Walkthrough: Mapping Basics with bokeh and GeoPandas in Python
From data and files to a static map to an interactive map
My goal this week was to learn how to make an interactive map and then to create a tutorial on how to make that map. Maps can be really useful in visualizing geographical data and change over time. They can provide a nice way to literally zoom out and see macro-level changes. First, I will provide an overview of the two main packages used: GeoPandas and bokeh. Then I will walk through how to get from a particular dataset to a particular interactive map. The map created is by no means complete or perfect. So in conclusion, I will go over some potential improvements, and provide a list of resources of where I found my information and some starting points if you are interested in bokeh, GeoPandas, or interactive mapping.
Objectives
- To learn the basics of how to create an interactive map using bokeh and GeoPandas
- Understand an application of the packages for the purposes of mapping lead levels in water samples taken throughout the contiguous USA in 2018
- To know where to go if you have questions about bokeh and GeoPandas
This blog post was inspired by a variety of posts about mapping and visualization. All sources used for inspiration and other helpful links are posted below in the resources section.
Package 1: GeoPandas
GeoPandas is an open-source package that helps users work with geospatial data. GeoPandas has a number of dependencies. The one that we will focus on is the package, shapely, on which GeoPandas relies on performing geometric operations. In our case, the shape of each US state will be encoded as a polygon or multipolygon via the shapely package. Then used through GeoPandas to understand the geospatial data.
Installation
In order for GeoPandas to run, it needs a few packages already installed. It can be difficult to ensure this. But if you are sure, you can install it with pip. Otherwise, using Anaconda to install GeoPandas will take care of the dependencies for you.
conda install geopandas
You can read more about installing GeoPandas here.
Package 2: bokeh
While GeoPandas does allow for plotting, bokeh allows us to create more complex plots. bokeh is a multifunctional, open-source package meant to help users create beautiful, interactive visualizations. Bokeh was first released in April 2013, and the latest release was in October 2019. Following this last release, Python 2.7, Python 3.5 or earlier will no longer be supported. A full gallery of the plots you can make in Bokeh can be found here.
Installation
bokeh relies on several packages. You can still use pip to install Bokeh, but you may run into issues in terms of dependencies. In my case, I used Anaconda to install bokeh, as it takes care of making sure the dependencies are in order.
conda install bokeh
Ex: Visualizing Lead Levels in Water
Goal
Create a map of the contiguous US that shows the state population. Within each state, show where lead was found in 2018.
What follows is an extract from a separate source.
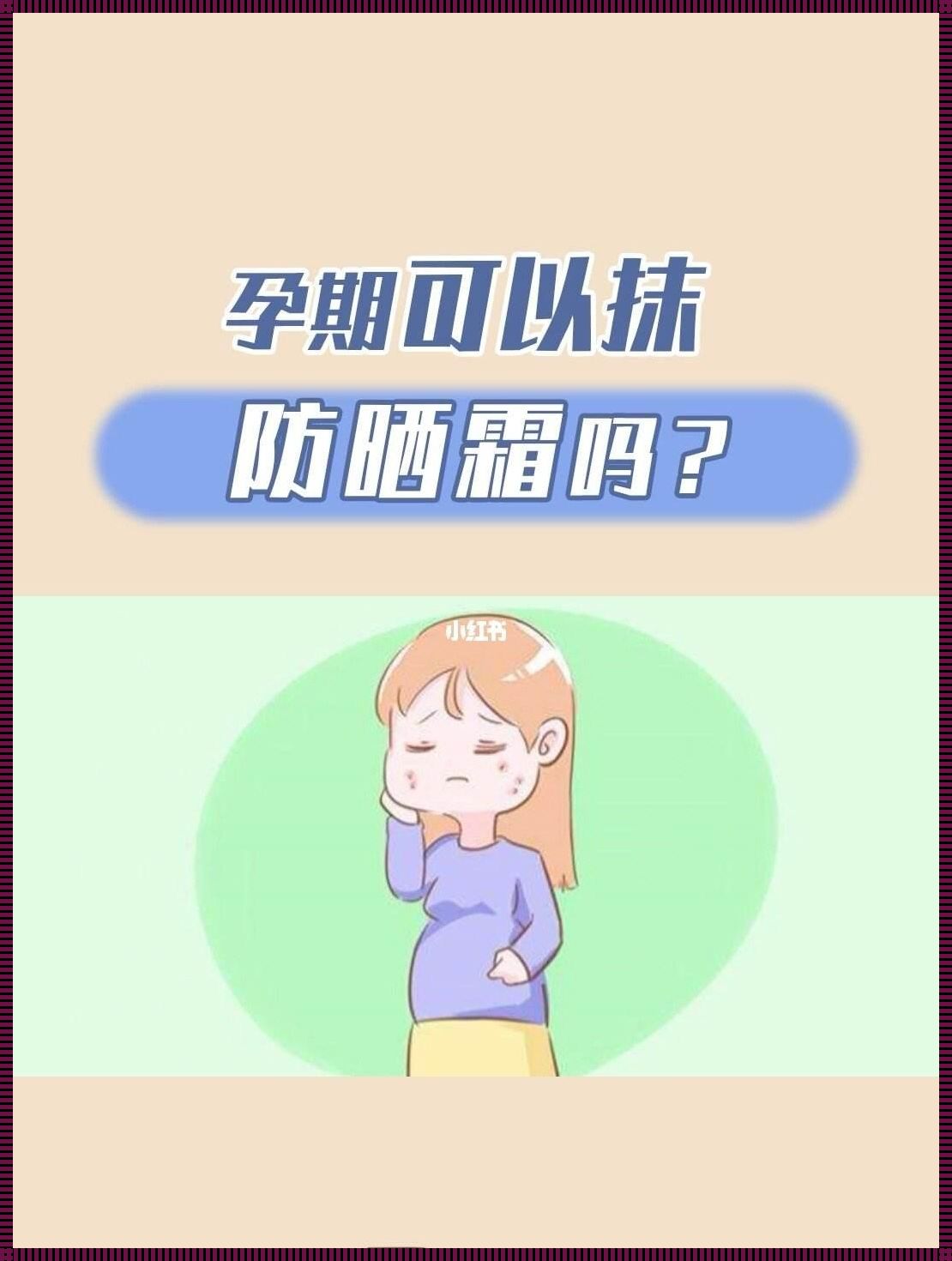 怀孕期间的防晒护理：明智的选择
Creating The Contiguous USA
In order to create a map, you will need a shapefile (.shp). In this case, I downloaded a shapefile from the US Census Bureau here. The file tells Geopandas what shapes we are mapping out. In our case, we need a file that outlines each state in the contiguous US. We use a geometry column so that the Geopandas package knows where to look for information for the shapes of each state. The shapes are shapely Polygon objects in this case.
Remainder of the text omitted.